US dollar weaker in light trade
Indications that US interest rates might peak at 5 percent and climbing crude oil prices combined for a weaker US dollar on Monday despite positive data on capital inflows.
The greenback dropped 1.5 percent to $1.2270 in relation to the euro and lost 0.7 percent to the Japanese yen, to ¥117.64. It was the dollar’s lowest level versus the yen in two weeks. The US currency declined 1.1 percent to $1.7709 against sterling and was down 1.8 percent to SFr1.2775 versus the Swiss franc.
New data showed that net inflows into the US in February were at $86.9 billion, much higher than the $62.6 billion that had been expected. The money coming in was more than enough to cover the months trade deficit of $65.7 billion. That was the good news.
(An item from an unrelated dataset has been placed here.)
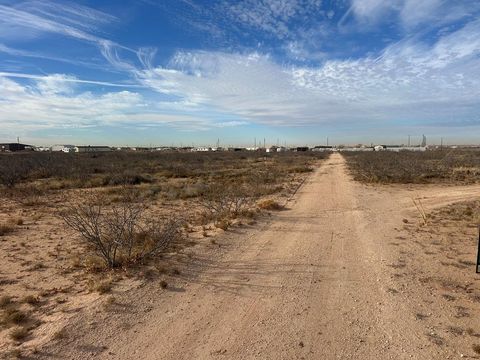 Vacant Land For Sale - 12512 E County Rd 84<br/> Midland, TX 79707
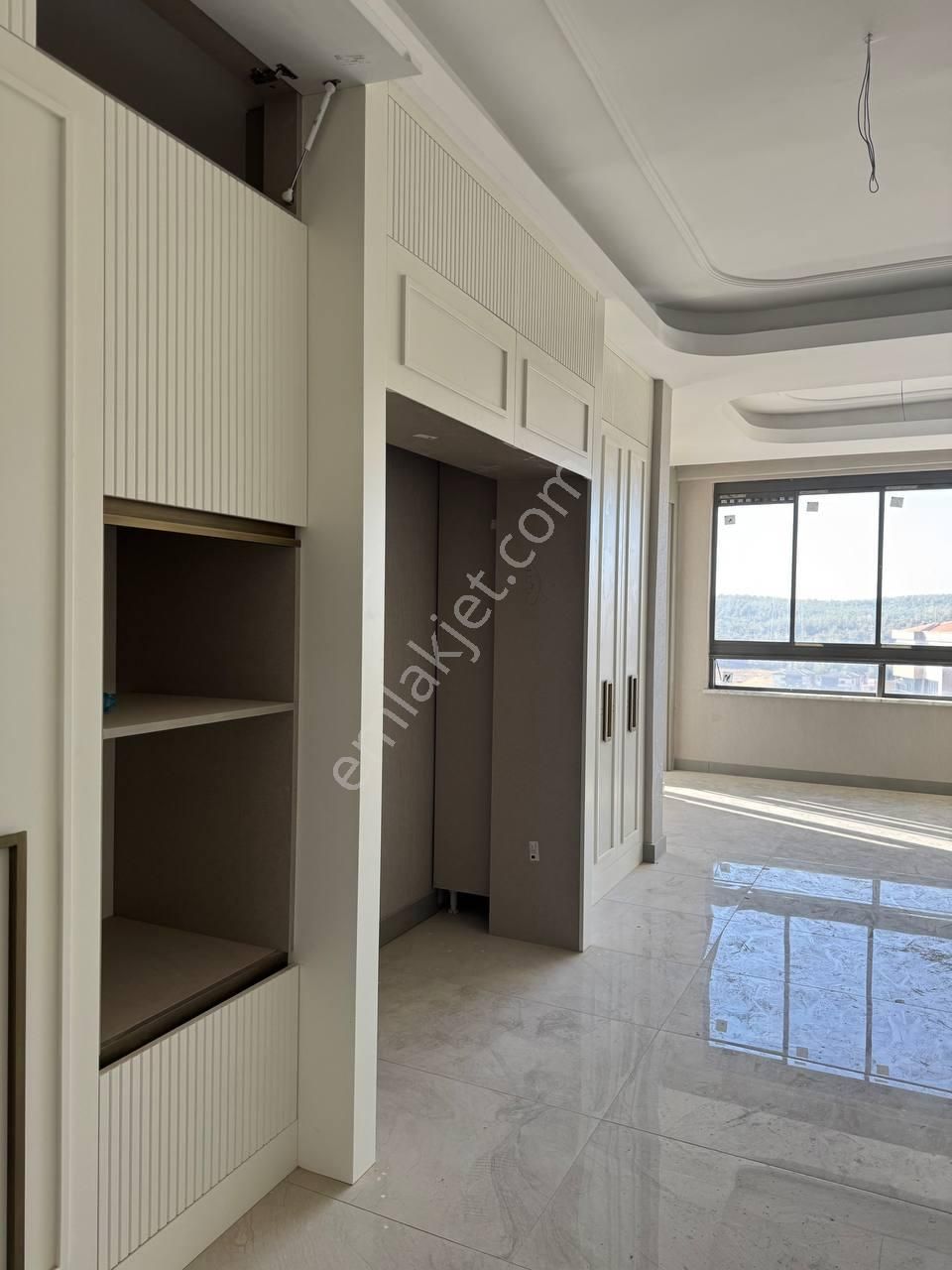 15 Temmuzun Prestijli Sitesinde Sıfır 4,5+1 Fırsat Daire - Görsel 9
Bad news for the dollar came in a Wall Street Journal article, which claimed that Federal Reserve officials were not inclined to raise interest rates after an expected hike in May to 5 percent. Worries over higher crude oil prices, exaggerated by the insistence of Iran that it will continue pursuing its nuclear ambitions, also hurt the greenback. Also causing concern was a new Empire State manufacturing survey from the New York Federal Reserve, which showed the index level at 15.81 in April. It was expected to be at 24.50. Additionally, the March survey was revised down to 29.03.